(Items from a data source)
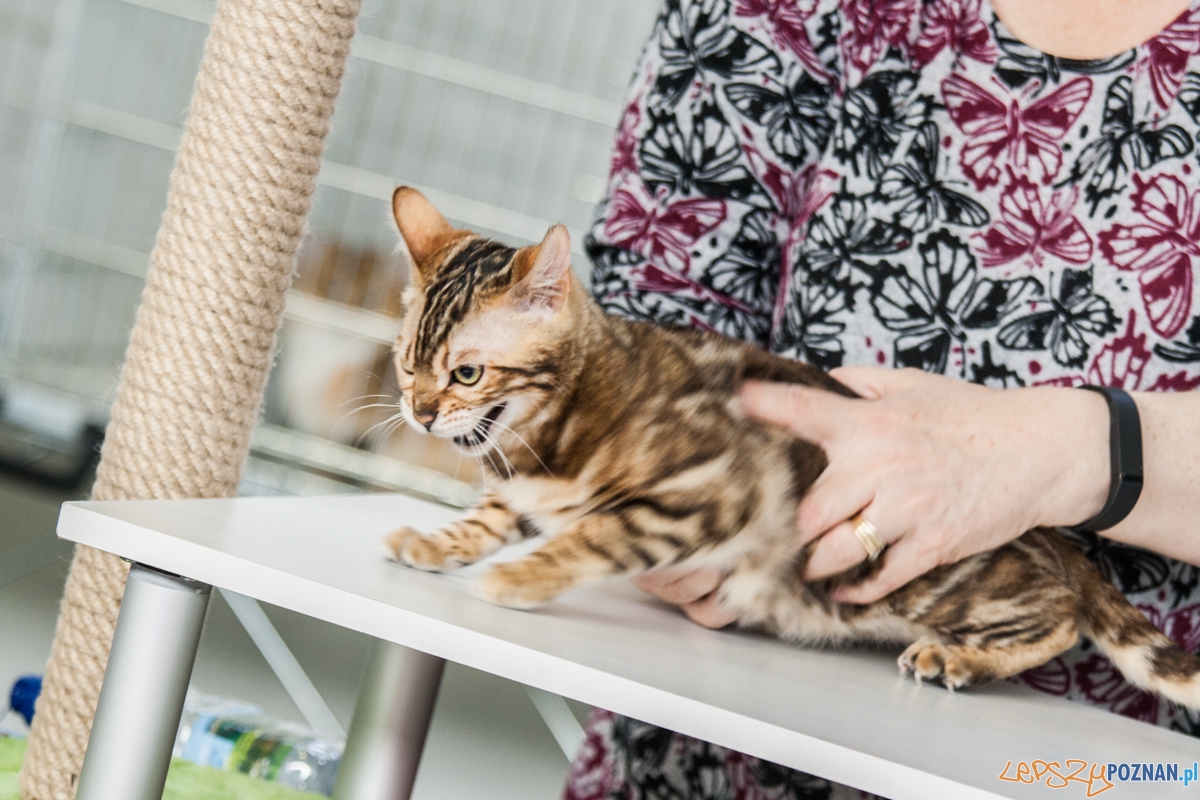 Wystawa kotów rasowych (20.02.2016) MTP Foto: © lepszyPOZNAN.pl / Karolina Kiraga Wystawa kotów rasowych (20.02.2016) MTP Foto: © lepszyPOZNAN.pl / Karolina Kiraga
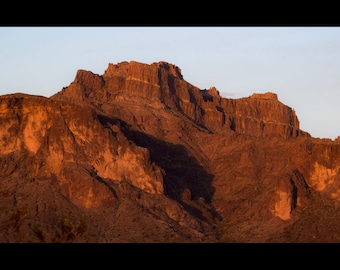 Superstition Mountain Cougar- Arizona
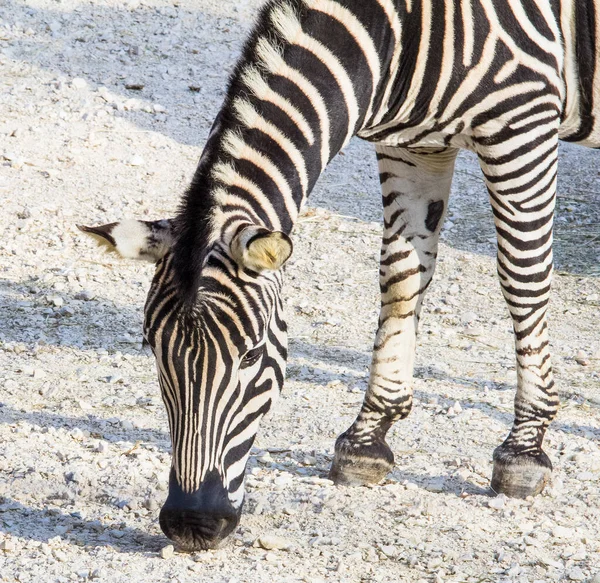 Bir tarlada bir zebra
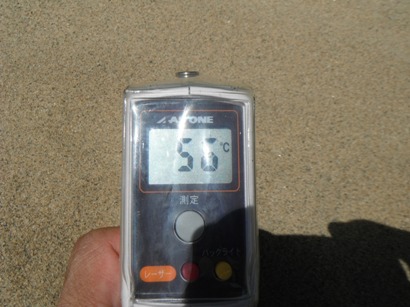砂の温度５６℃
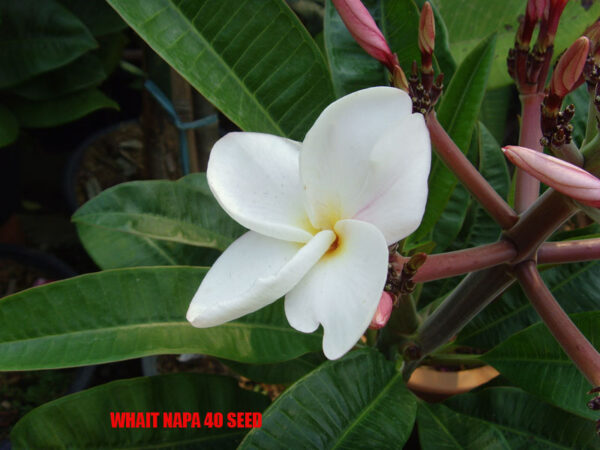 Plumeria -  White Napa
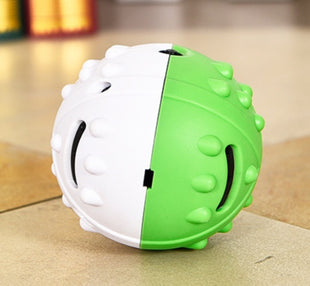 Dog leaking toy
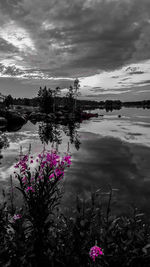 Pink flowering plants by trees against sky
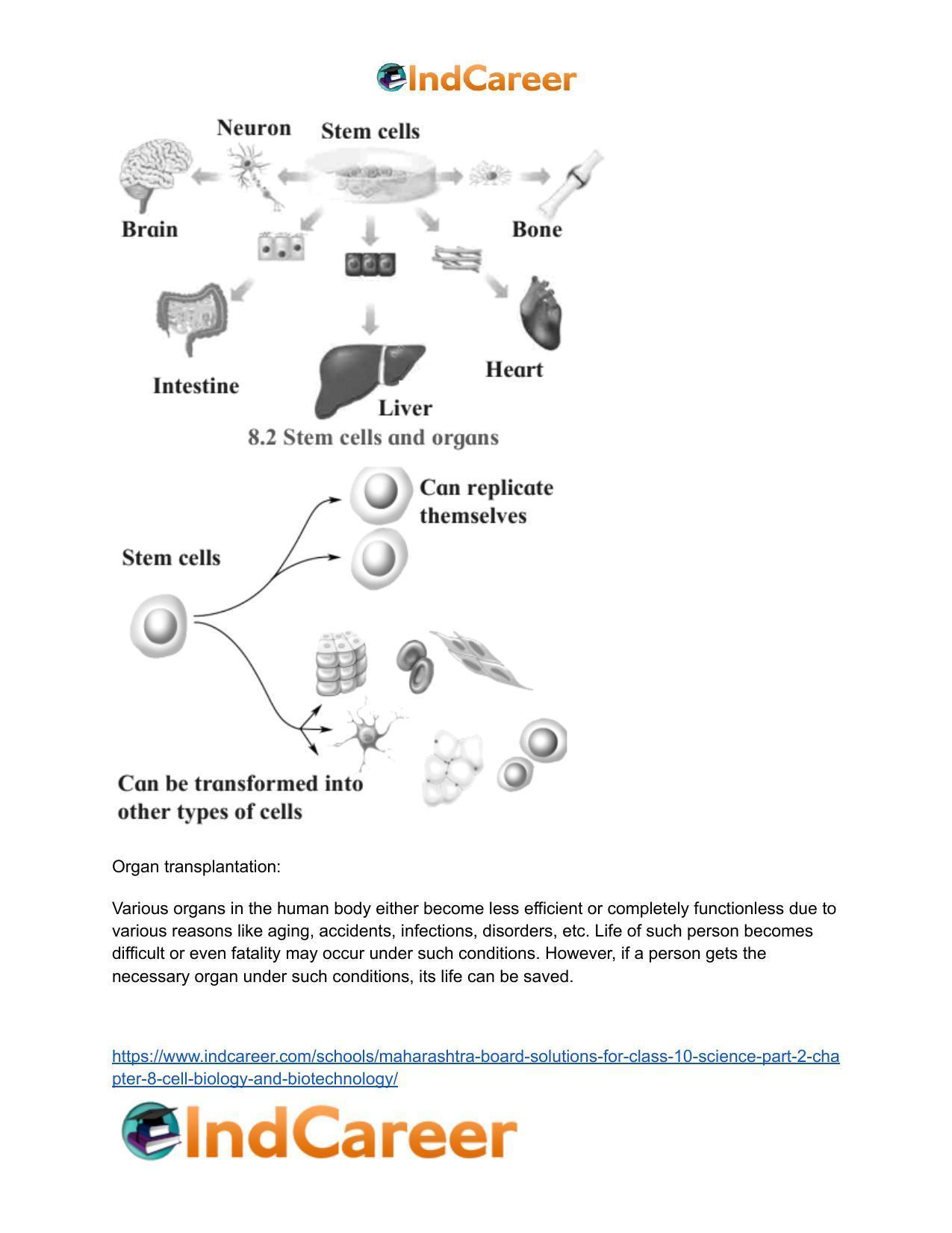 Maharashtra Board Solutions for Class 10- Science (Part 2): Chapter 8- Cell Biology and Biotechnology - Page 40
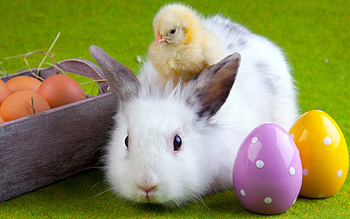 Animals, Birds, Rabbits, Chicks HD wallpaper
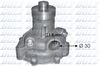 S239.BMP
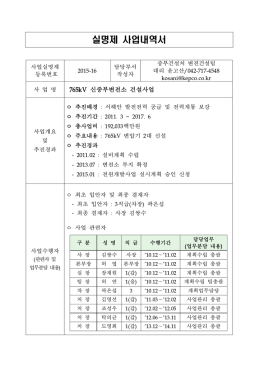 실명제 사업내역서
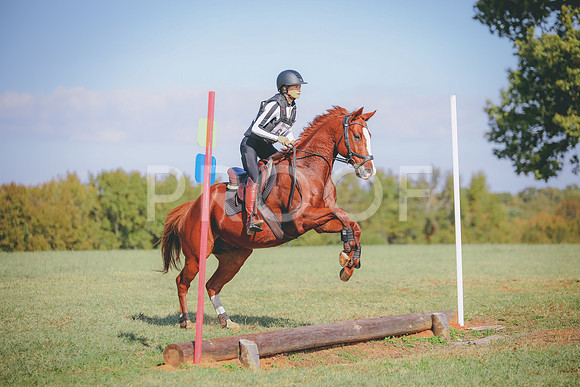 RWP_0216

**WORK TO COMPLETE:**
Omitting all pictures, retype exactly the lines from the line containing "Bir tarlada bir zebra" down to the last line above, both ends included.

**YOUR RESPONSE:**
 Bir tarlada bir zebra
砂の温度５６℃
 Plumeria -  White Napa
 Dog leaking toy
 Pink flowering plants by trees against sky
 Maharashtra Board Solutions for Class 10- Science (Part 2): Chapter 8- Cell Biology and Biotechnology - Page 40
 Animals, Birds, Rabbits, Chicks HD wallpaper
 S239.BMP
 실명제 사업내역서
 RWP_0216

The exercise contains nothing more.